Secara diam-diam, kaum tanpa klass hendak dihilangkan secara sosial, sebab mereka bukan subyek produksi sosial. Mereka pun dikucilkan secara sosial dan dibiarkan telanjang dan rapuh tanpa perlindungan sosial. Alasannya sederhana. Kaum ini bukan buruh upahan sehingga tidak ada pajak dan premi yang dapat ditarik untuk jaminan/asuransi sosialnya.

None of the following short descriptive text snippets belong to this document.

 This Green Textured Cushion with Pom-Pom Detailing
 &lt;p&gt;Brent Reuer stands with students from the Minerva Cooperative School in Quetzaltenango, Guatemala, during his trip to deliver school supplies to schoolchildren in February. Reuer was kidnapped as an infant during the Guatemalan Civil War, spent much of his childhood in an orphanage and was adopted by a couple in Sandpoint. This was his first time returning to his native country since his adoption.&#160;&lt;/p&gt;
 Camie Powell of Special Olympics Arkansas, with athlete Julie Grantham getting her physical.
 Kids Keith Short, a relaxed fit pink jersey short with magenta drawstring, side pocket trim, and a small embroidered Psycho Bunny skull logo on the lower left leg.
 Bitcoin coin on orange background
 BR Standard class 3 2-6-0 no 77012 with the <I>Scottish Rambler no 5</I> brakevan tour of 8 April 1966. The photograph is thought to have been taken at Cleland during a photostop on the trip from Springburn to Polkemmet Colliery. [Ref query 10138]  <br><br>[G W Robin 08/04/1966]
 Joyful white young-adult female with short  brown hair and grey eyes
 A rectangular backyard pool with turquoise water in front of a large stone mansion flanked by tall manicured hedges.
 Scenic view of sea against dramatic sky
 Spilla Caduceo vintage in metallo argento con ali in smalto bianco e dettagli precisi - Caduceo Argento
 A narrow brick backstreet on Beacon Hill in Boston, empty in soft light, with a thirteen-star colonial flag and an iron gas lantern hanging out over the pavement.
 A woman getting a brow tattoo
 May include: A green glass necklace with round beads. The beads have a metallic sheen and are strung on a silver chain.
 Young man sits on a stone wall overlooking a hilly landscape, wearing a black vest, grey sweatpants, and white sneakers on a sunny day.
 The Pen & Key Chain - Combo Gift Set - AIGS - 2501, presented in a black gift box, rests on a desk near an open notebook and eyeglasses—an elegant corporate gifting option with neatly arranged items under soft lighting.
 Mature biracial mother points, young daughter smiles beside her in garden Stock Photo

Alih-alih perlindungan, mereka justru mengalami pengejaran, penangkapan, dan berbagai bentuk rehabilitasi semu. Bukan memperbaiki, malah hanya memperburuk keadaan. Penulis coba buat manifesto pembelaan terhadap kaum ini. Kaum yang sudah cukup lama dilarang berharap di republik ini.

Dipersetankan
Demonisas, atau penyetanani atas kaum tanpa klass tidak dapat dilepaskan dari filosofi tentang buruh, kerja, dan nilai. Marx menganggap kaum ini sebagai parasit sosial yang merugikan. Di satu sisi, kaum ini dianggap kelompok berbahaya,  parasit sosial yang tidak produktif. Petani tanpa tanah, pekerja seks, preman, dan sejenisnya adalah kelompok yang membahayakan secara politik karena tidak terorganisasi, tak dapat diprediksi, dan cenderung reaksioner. Kata ”lumpenproletariat” pun dipakai untuk mendemonisasi, atau mempersetankan kaum ini secara keseluruhan.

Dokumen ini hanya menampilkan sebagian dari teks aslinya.